Eric Essono Tsimi, universitaire et écrivain, partage ses réflexions sur la situation politique en Afrique, en particulier au Gabon, et sur les relations entre la France et les pays africains.
Fin des régimes granitiques
Essono Tsimi estime que l’accession du général Nguema au sommet du Gabon marque la fin des régimes autoritaires en Afrique. Il met en garde contre la simplification de la politique africaine en la réduisant à une opposition entre ceux qui soutiennent la France et ceux qui s’y opposent. Il souligne que les dirigeants africains ont leurs propres motivations et alliances.
Risque pris par le nouveau leader gabonais
Il salue le fait que le général Nguema prenne des risques en s’opposant à d’autres dirigeants africains, notamment le président du Tchad et le président du Cameroun, Paul Biya, qui est au pouvoir depuis longtemps. Il estime que la politique française en Afrique est basée sur le refus de la repentance, le refus de quitter l’Afrique et le refus des réparations et des restitutions, mais qu’une telle position n’est pas viable à long terme.
Situation au Niger
Eric Essono Tsimi soutient que ce qui se passe au Niger est une tentative de recolonisation avortée et que si le Niger demande à la France de partir, la France devrait respecter le droit international et partir.
Solidarité africaine
Il appelle à la solidarité entre les pays africains pour lutter contre l’emprise française et aider les pays comme le Niger, le Burkina Faso et le Mali.
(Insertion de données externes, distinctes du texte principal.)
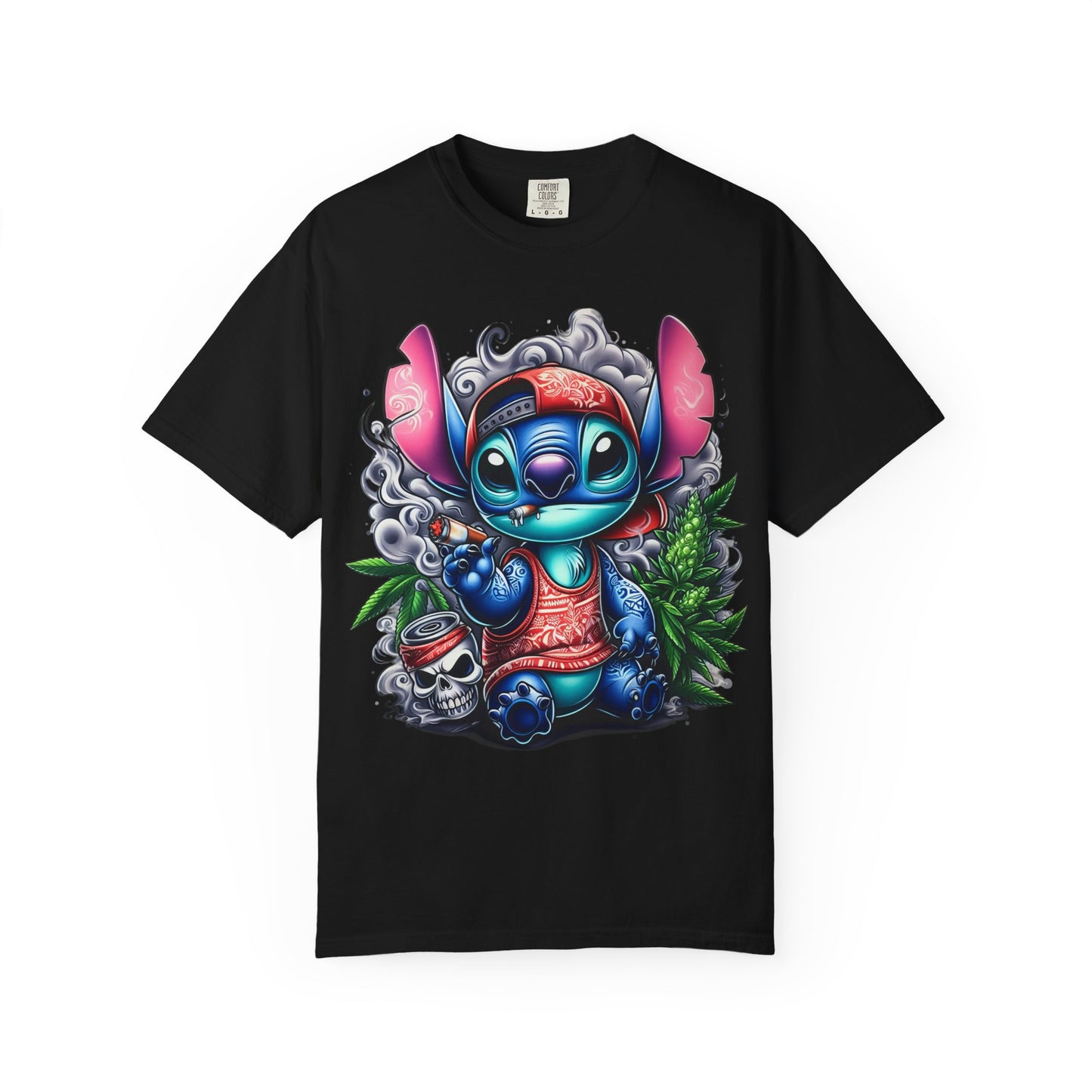 Vibrant Cartoon Character T-shirt, Fun Unisex Tee, Casual Streetwear, Gift for Teens, Summer Wardrobe Essential, Cannabis, 420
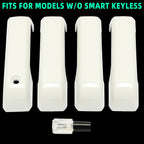 Set of 4 Exterior Door Handle Covers for Ford F250 F350 F450 (2015–2020)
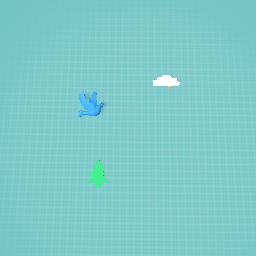 the bird and the cloud and the tree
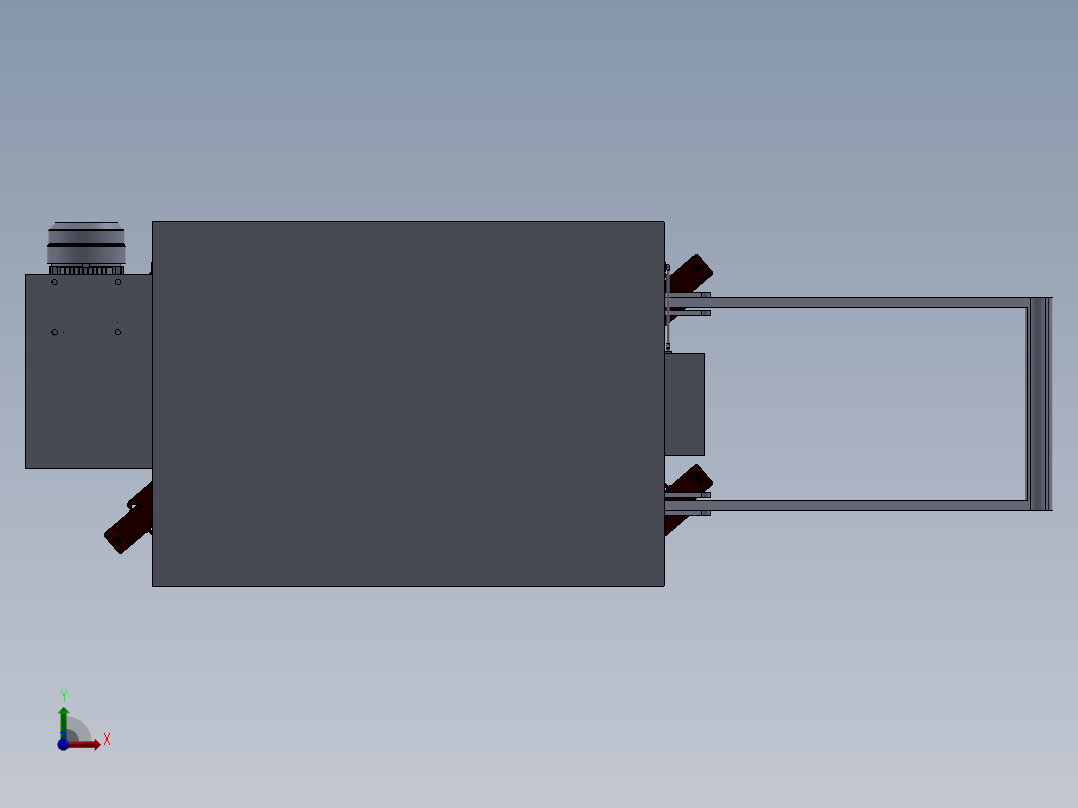 升降车升降平台前视图
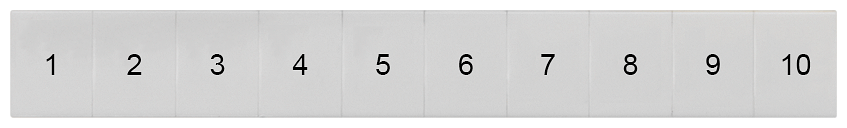 G_I202_XX_74661P 8WH8120-4AB05 LABELS, LONGIT.,1-10, S. 8 - Зображення 1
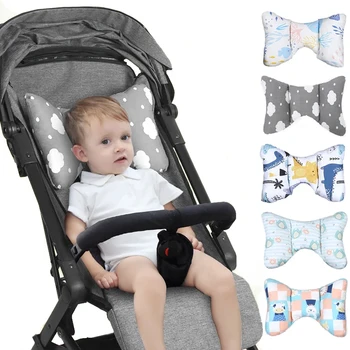 Детска възглавница За главата с останалите автомобилни седалки за бебета, cartoony на облегалката за глава за сън, Възглавница за сън на новородените, възглавница за подкрепа на врата на столчето за кола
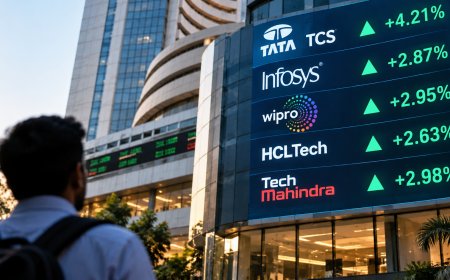 Indian IT Stocks Rally: TCS AI Revenue Lifts Sentiment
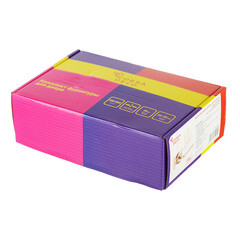 Комплект фурнитуры для двери Corsa Deco Lilium с защелкой и петлями круглая розетка матовый никель (990312) - фото 3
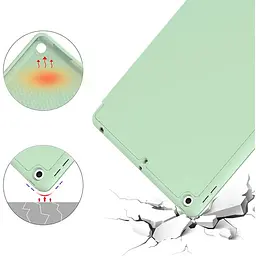 Чохол-книжка BeCover Tri Fold Soft TPU Silicone для Apple iPad Air 4 10.9 2020/2021 Green (706871) - мініатюра 3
Il souligne que l’objectif ne devrait pas seulement être la démocratie, mais aussi l’avènement de nouveaux dirigeants qui reflètent les aspirations de la jeunesse africaine.
Ci-dessous, l’intégralité du texte
Le Gabon, un mauvais putsch ?
C’est un peu rapide de classer ce putsch comme étant un “arrangement”. L’histoire nous enseigne que les créatures échappent trop souvent à leurs créateurs, et quelle que soit la manœuvre derrière l’accession du général Nguema au sommet du Gabon, c’est la fin des régimes granitiques; c’est un piège de croire que si une personnalité se démarque et ne ferme pas les frontières, ni n’est hostile au président Macron (qui mérite tout le mépris du monde) elle est forcément à la solde de l’Elysee. Dans ses discours il cite plus volontiers les USA comme exemple donc encore une fois c’est pas aussi simple son alignement, même Ali Bongo essayait déjà à sa façon de s’éloigner Paris, il n’y a rien à faire donc la Francafrique est à l’agonie.
Le nouvel homme fort gabonais prend beaucoup de risques, c’est à mettre à son crédit, il n’hésite pas à s’attaquer frontalement à son homologue putschiste du Tchad et même au président camerounais qui est ne l’oublions pas à la tête de la plus longue transition de l’histoire. Arrivé pour remplacer Ahidjo, Paul Biya a ensuite régulièrement changé de constitution, et imposé à son peuple des mandats illimités de plus en plus longs.
La politique de la France en Afrique repose sur deux ou trois refus, trois piliers philosophiques: 1. Le refus de la repentance 2. Le refus de quitter l’Afrique (la laisser respirer). 3. Le refus des réparations et des restitutions (y compris des territoires qu’elle a illégalement naturalisés, cf. Conflits avec Madagascar ). Cette position de cow-boy n’est pas tenable sur le long terme, soixante millions de français ne peuvent pas soumettre deux milliards de personnes en Afrique.
Ce qui se passe au Niger est soutenu par la propagande du Monde et certaines organisations internationales, c’est un cas de recolonisation avortée qui visait le Sahel. La colonisation d’il y a un siècle a eu lieu grâce à divers mécanismes -puissance militaires, missions scientifiques ou religieuses, traités, arrangements diplomatiques multilatéraux (Nations Unies)-. Si le Niger demande à la France de partir, elle doit plier bagages et partir, il ne s’agit pas pour elle de reconnaître un gouvernement ou un régime mais d’avoir une posture d’Etat respectueux du droit international.
Nous devons aider le Niger, le Burkina, le Mali. A combattre parce que nous sommes au Cameroun, au Sénégal, en Côte d’Ivoire le noeud gordien de cette emprise maléfique. En Afrique centrale, avec le Gabon et le Tchad, on a des coups d’Etat au rebond, des putschs au seuil, liminaux, il y a donc une méfiance légitime chez ceux qui rêvent d’une vague decoloniale avec des Assimi Goita ou Ibrahim Traoré partout… En Afrique centrale jusque-là ils arrivent comme des coups d’état de neutralisation de possibles successions démocratiques. Le plus important n’est pas la démocratie en soi mais l’avènement d’hommes et de femmes nouveaux qui reflètent les aspirations de la jeunesse à être maîtresse de ses ressources.